Material shown:
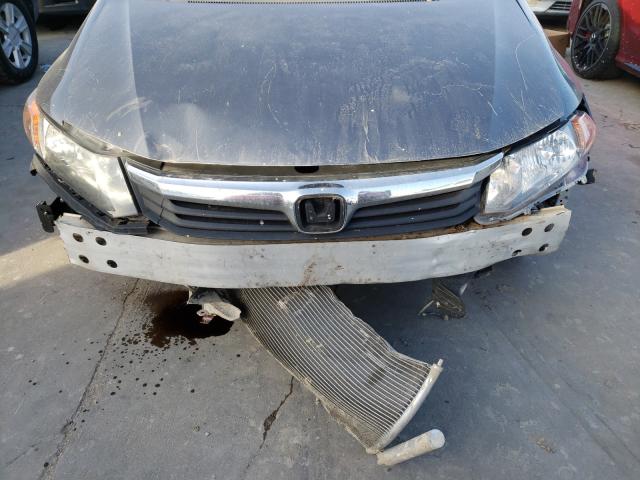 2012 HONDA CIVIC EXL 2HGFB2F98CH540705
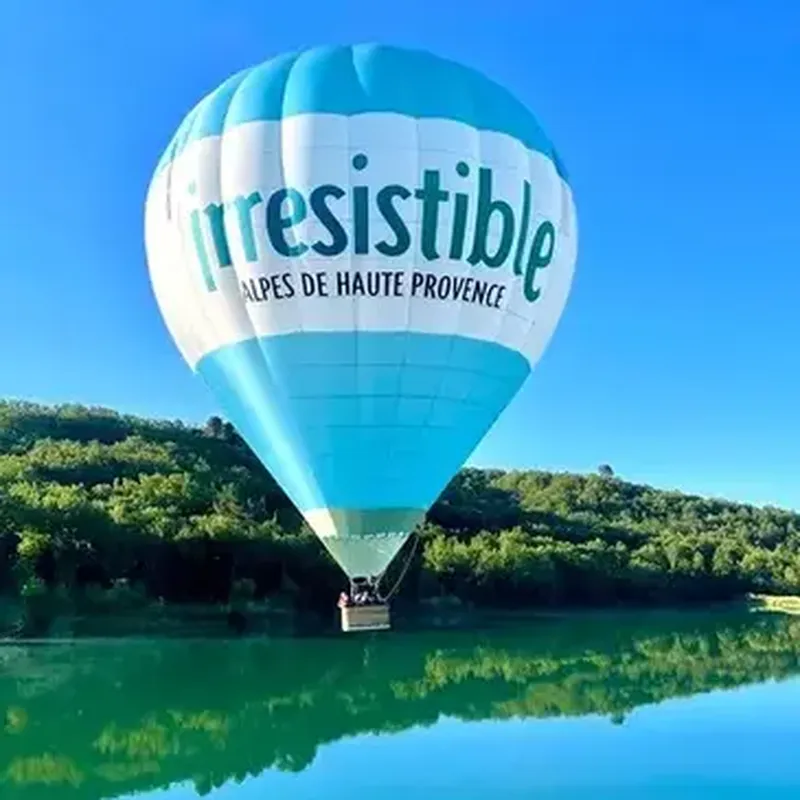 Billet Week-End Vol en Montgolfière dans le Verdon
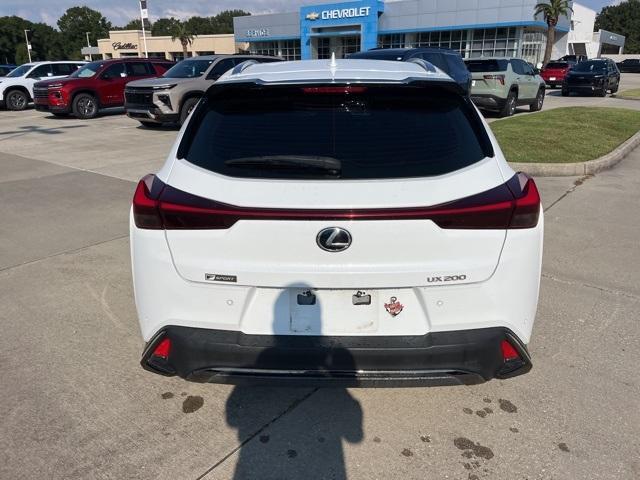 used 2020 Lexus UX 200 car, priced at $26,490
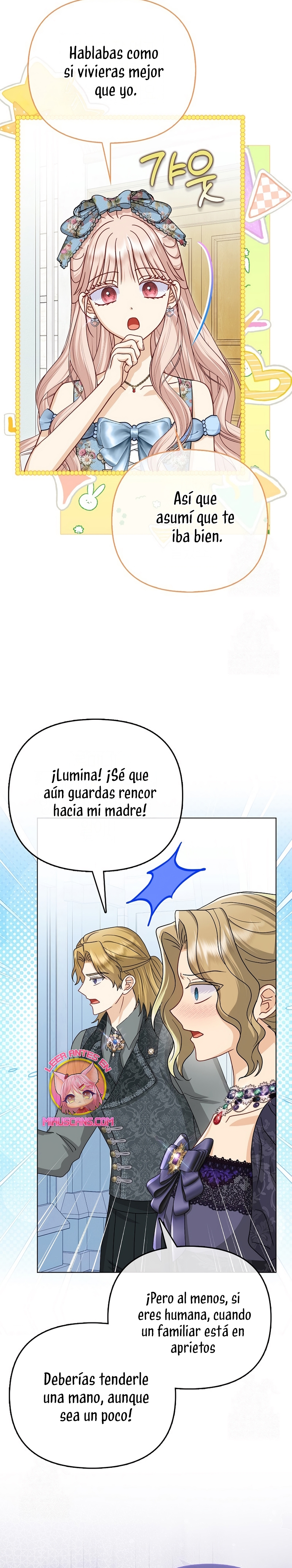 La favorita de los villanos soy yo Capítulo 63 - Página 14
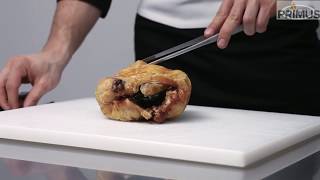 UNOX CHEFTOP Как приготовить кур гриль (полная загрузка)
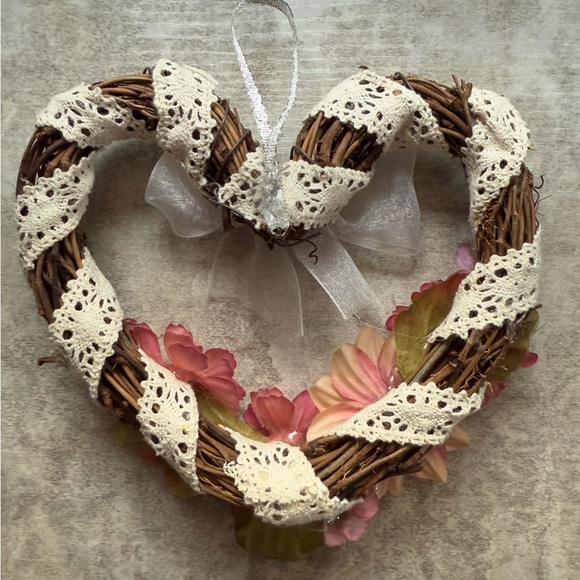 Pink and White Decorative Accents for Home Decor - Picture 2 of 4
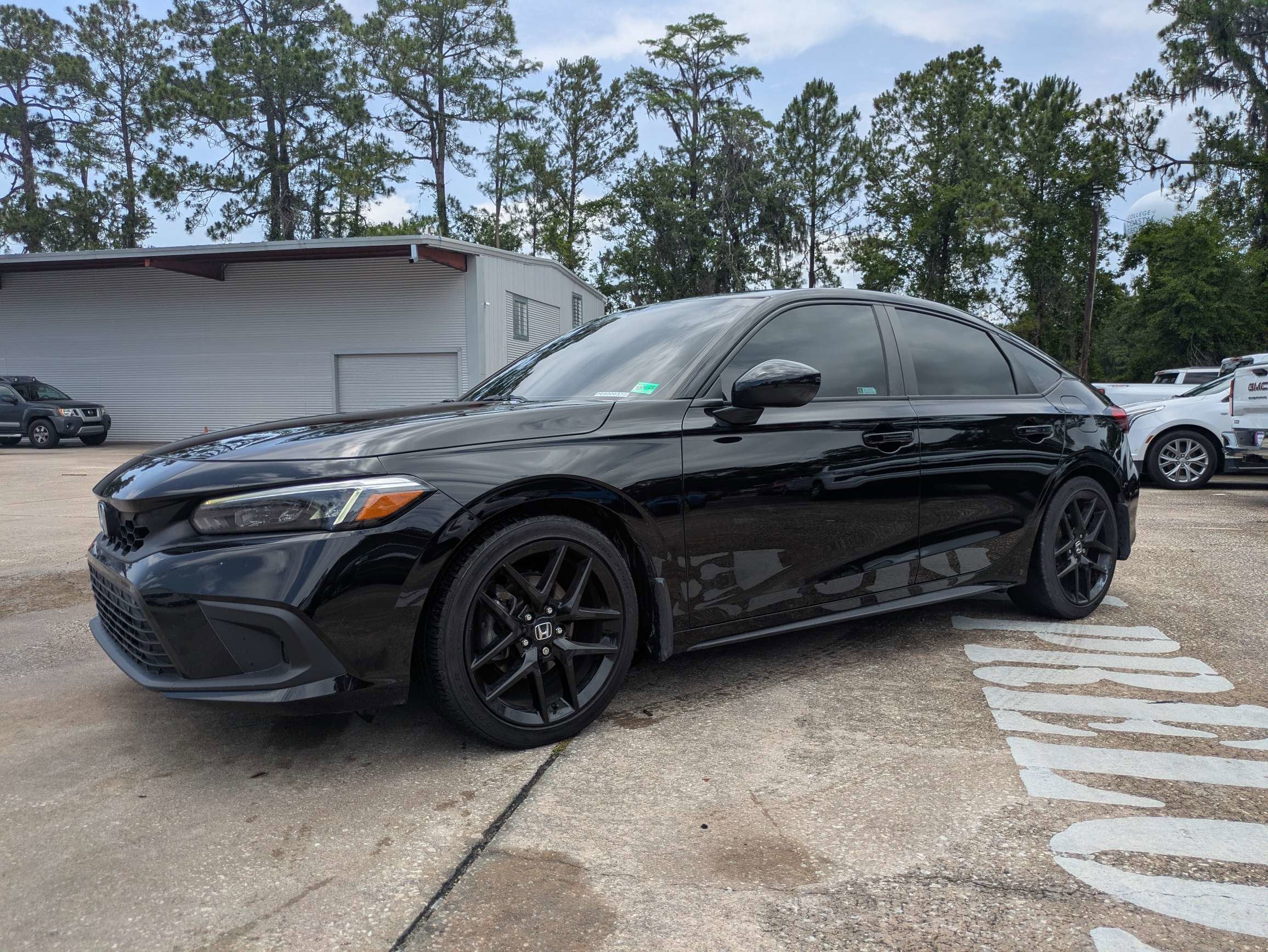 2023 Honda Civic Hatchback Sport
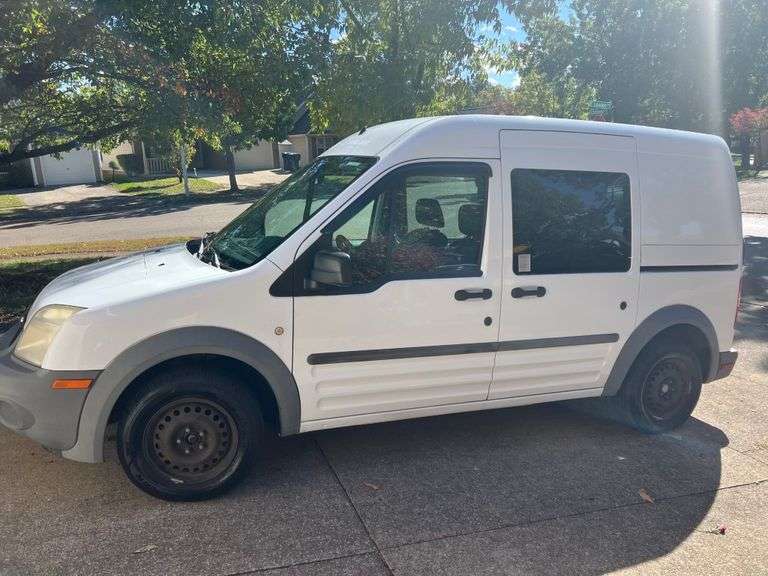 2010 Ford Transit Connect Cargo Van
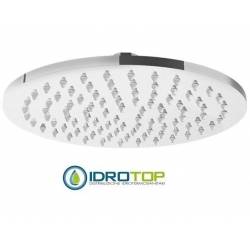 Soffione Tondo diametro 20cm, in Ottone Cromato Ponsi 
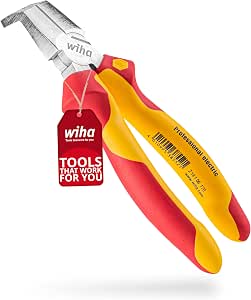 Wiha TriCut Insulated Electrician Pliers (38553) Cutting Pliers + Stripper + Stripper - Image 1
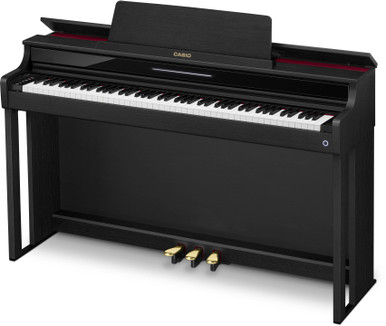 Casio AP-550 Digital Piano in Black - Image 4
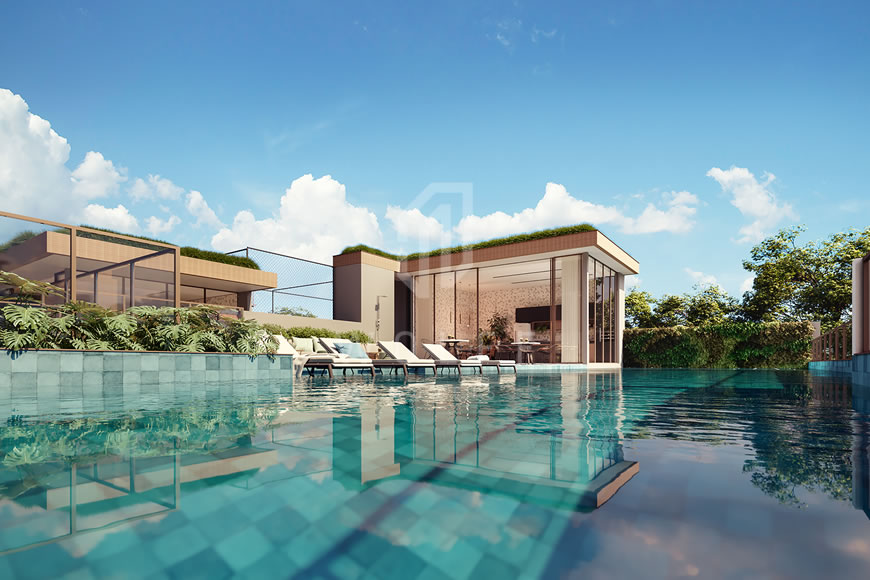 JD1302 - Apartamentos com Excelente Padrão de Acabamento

Brief:
Set down again, word for word, every line from the one with "Billet Week-End Vol" to the one with "UNOX CHEFTOP Как" in the entries above, and omit the pictures.

Result:
 Billet Week-End Vol en Montgolfière dans le Verdon
 used 2020 Lexus UX 200 car, priced at $26,490
 La favorita de los villanos soy yo Capítulo 63 - Página 14
 UNOX CHEFTOP Как приготовить кур гриль (полная загрузка)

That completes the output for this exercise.